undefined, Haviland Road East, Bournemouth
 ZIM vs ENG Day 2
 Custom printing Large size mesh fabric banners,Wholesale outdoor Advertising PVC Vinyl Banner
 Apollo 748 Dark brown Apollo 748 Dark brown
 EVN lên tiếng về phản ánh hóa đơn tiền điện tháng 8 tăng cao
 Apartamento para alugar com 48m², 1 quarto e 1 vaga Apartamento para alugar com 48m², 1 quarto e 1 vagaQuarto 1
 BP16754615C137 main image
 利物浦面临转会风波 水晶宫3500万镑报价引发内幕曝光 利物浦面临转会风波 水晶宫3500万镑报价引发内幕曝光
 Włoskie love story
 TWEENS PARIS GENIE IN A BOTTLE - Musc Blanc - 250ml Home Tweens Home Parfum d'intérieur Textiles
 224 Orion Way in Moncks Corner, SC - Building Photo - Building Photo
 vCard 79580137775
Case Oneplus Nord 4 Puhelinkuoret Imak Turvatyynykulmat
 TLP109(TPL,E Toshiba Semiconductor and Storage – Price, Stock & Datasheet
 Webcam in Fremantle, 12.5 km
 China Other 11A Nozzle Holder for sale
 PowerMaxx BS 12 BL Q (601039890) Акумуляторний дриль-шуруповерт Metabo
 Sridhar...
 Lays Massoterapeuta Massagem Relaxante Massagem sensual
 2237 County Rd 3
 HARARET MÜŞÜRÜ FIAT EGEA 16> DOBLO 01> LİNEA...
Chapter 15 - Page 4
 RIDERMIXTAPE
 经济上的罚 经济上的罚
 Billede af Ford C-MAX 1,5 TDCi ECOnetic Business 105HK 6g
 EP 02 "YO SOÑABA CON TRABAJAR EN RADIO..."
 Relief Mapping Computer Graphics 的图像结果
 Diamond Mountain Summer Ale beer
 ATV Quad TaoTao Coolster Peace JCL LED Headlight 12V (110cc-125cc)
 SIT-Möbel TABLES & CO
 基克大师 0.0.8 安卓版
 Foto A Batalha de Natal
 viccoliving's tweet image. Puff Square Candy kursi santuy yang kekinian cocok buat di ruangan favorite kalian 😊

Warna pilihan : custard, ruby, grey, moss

________________________

## Required work
Copy exactly the lines above, from the one containing "Apollo 748 Dark brown Apollo 748 Dark brown" through the very last line.

## Answer to this task
 Apollo 748 Dark brown Apollo 748 Dark brown
 EVN lên tiếng về phản ánh hóa đơn tiền điện tháng 8 tăng cao
 Apartamento para alugar com 48m², 1 quarto e 1 vaga Apartamento para alugar com 48m², 1 quarto e 1 vagaQuarto 1
 BP16754615C137 main image
 利物浦面临转会风波 水晶宫3500万镑报价引发内幕曝光 利物浦面临转会风波 水晶宫3500万镑报价引发内幕曝光
 Włoskie love story
 TWEENS PARIS GENIE IN A BOTTLE - Musc Blanc - 250ml Home Tweens Home Parfum d'intérieur Textiles
 224 Orion Way in Moncks Corner, SC - Building Photo - Building Photo
 vCard 79580137775
Case Oneplus Nord 4 Puhelinkuoret Imak Turvatyynykulmat
 TLP109(TPL,E Toshiba Semiconductor and Storage – Price, Stock & Datasheet
 Webcam in Fremantle, 12.5 km
 China Other 11A Nozzle Holder for sale
 PowerMaxx BS 12 BL Q (601039890) Акумуляторний дриль-шуруповерт Metabo
 Sridhar...
 Lays Massoterapeuta Massagem Relaxante Massagem sensual
 2237 County Rd 3
 HARARET MÜŞÜRÜ FIAT EGEA 16> DOBLO 01> LİNEA...
Chapter 15 - Page 4
 RIDERMIXTAPE
 经济上的罚 经济上的罚
 Billede af Ford C-MAX 1,5 TDCi ECOnetic Business 105HK 6g
 EP 02 "YO SOÑABA CON TRABAJAR EN RADIO..."
 Relief Mapping Computer Graphics 的图像结果
 Diamond Mountain Summer Ale beer
 ATV Quad TaoTao Coolster Peace JCL LED Headlight 12V (110cc-125cc)
 SIT-Möbel TABLES & CO
 基克大师 0.0.8 安卓版
 Foto A Batalha de Natal
 viccoliving's tweet image. Puff Square Candy kursi santuy yang kekinian cocok buat di ruangan favorite kalian 😊

Warna pilihan : custard, ruby, grey, moss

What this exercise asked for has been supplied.